*** Block opens ***

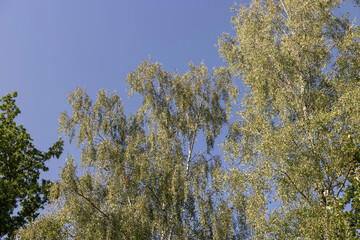 Obraz premium mixed forest with trees of different species in the summer season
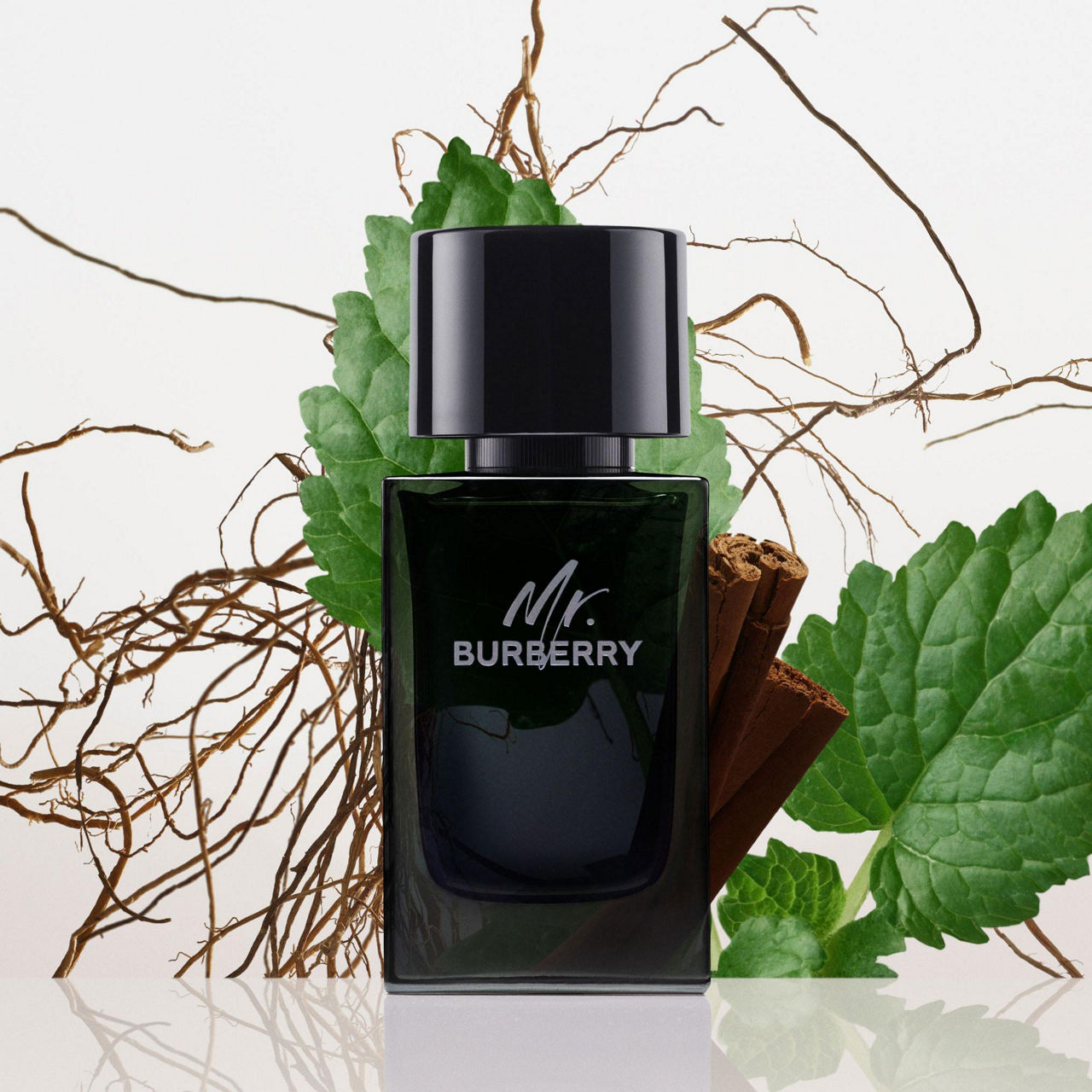 BURBERRY Mr. Burberry for Men Eau de Parfum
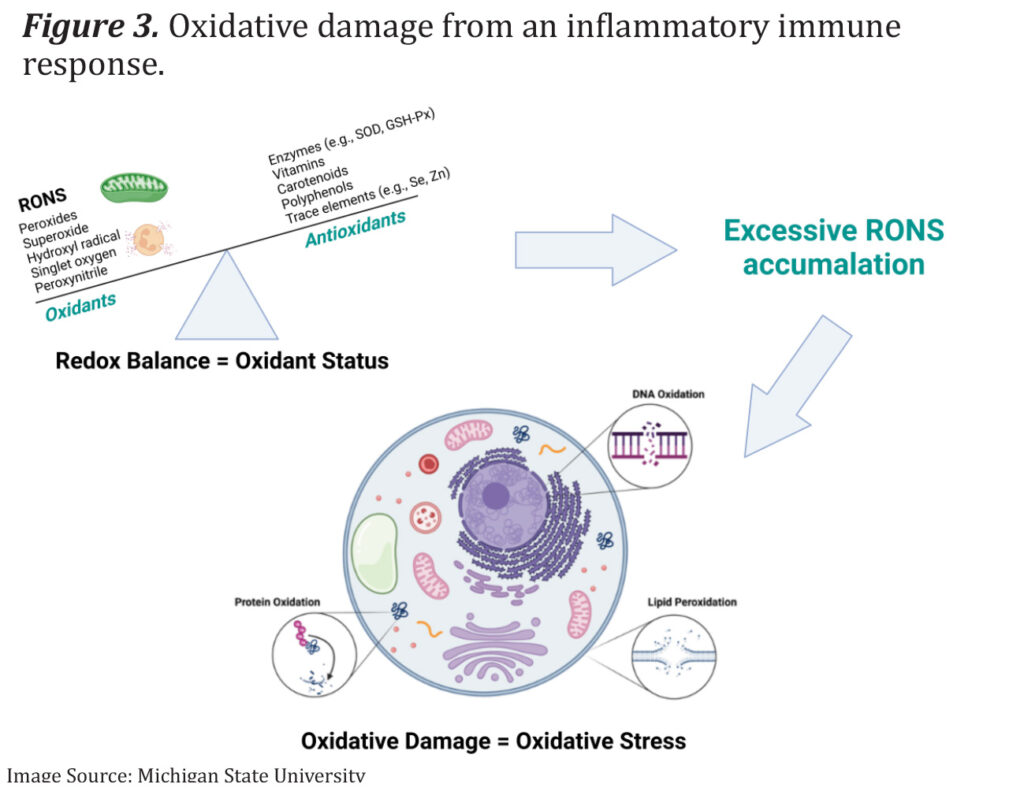 Oxidative damage from an inflammatory immune response (i.e. from heat stress).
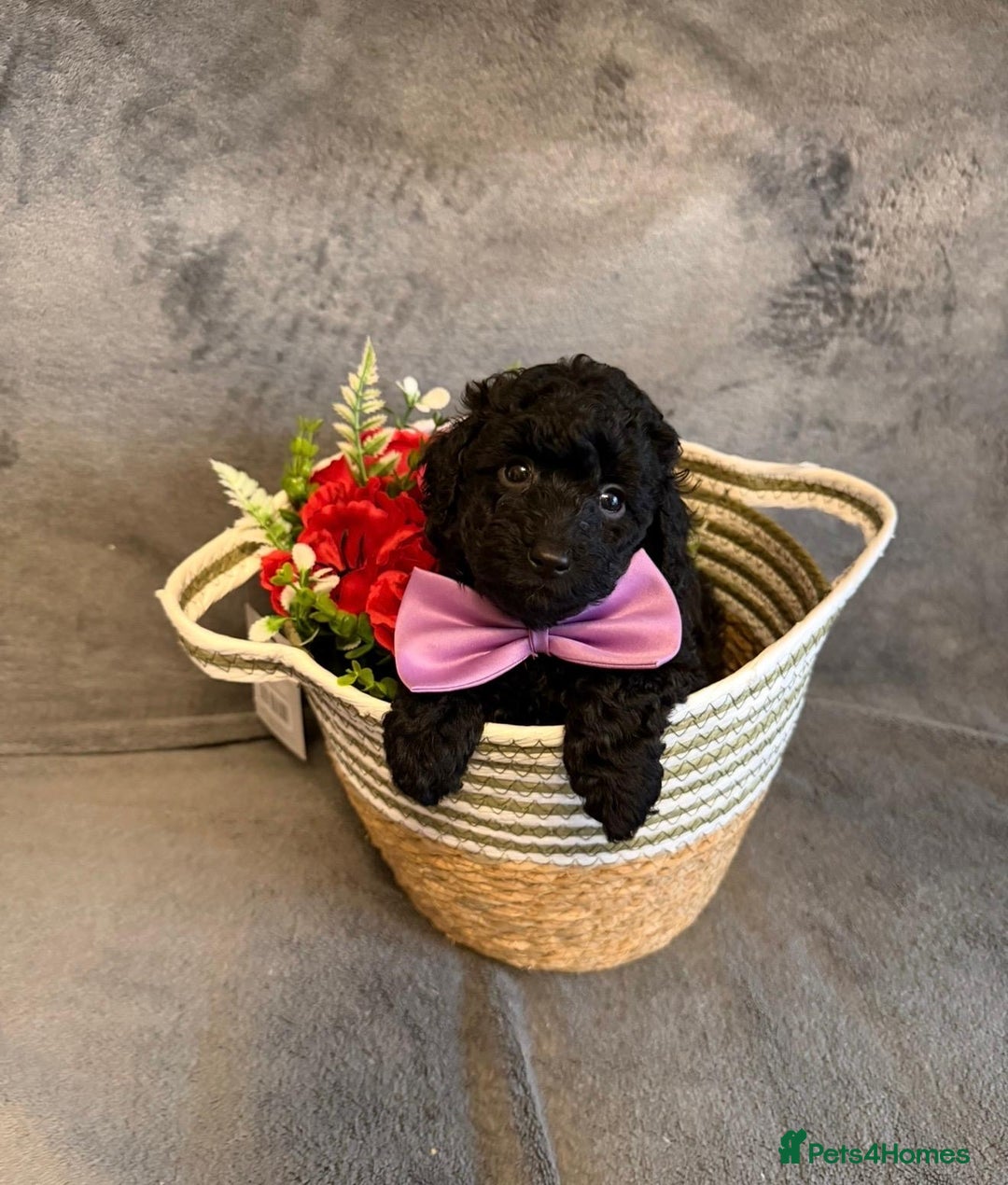 Toy Poodle dogs for sale: KC REG Purebred Stunning Toy Poodle Pups❤️  - Image 4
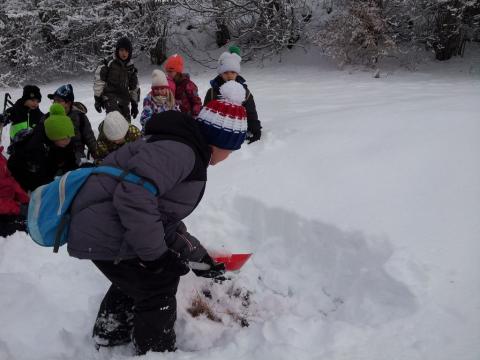 projet pédagogique école de Saint-Bonnet avec le Parc national des Ecrins - 2017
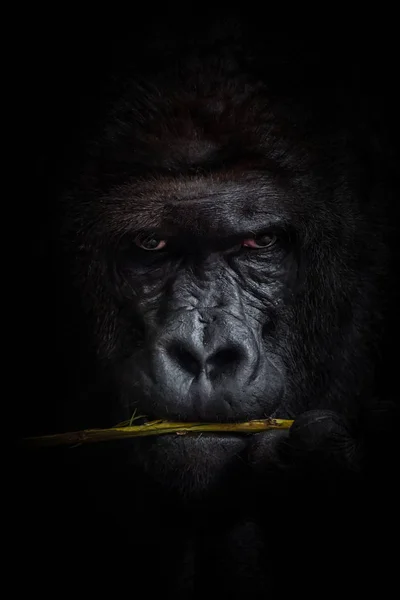 Fondo negro gorila —  Fotos de Stock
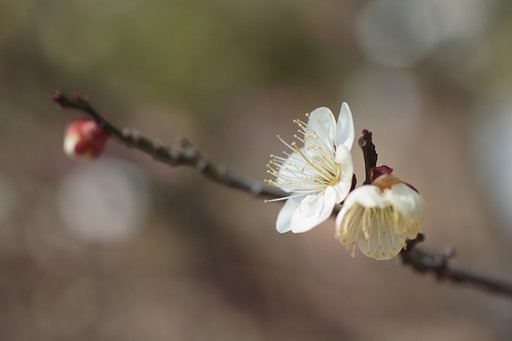 白梅一枝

*** Block closes ***

Print out the material verbatim, skipping pictures.

 Obraz premium mixed forest with trees of different species in the summer season
 BURBERRY Mr. Burberry for Men Eau de Parfum
 Oxidative damage from an inflammatory immune response (i.e. from heat stress).
 Toy Poodle dogs for sale: KC REG Purebred Stunning Toy Poodle Pups❤️  - Image 4
 projet pédagogique école de Saint-Bonnet avec le Parc national des Ecrins - 2017
 Fondo negro gorila —  Fotos de Stock
 白梅一枝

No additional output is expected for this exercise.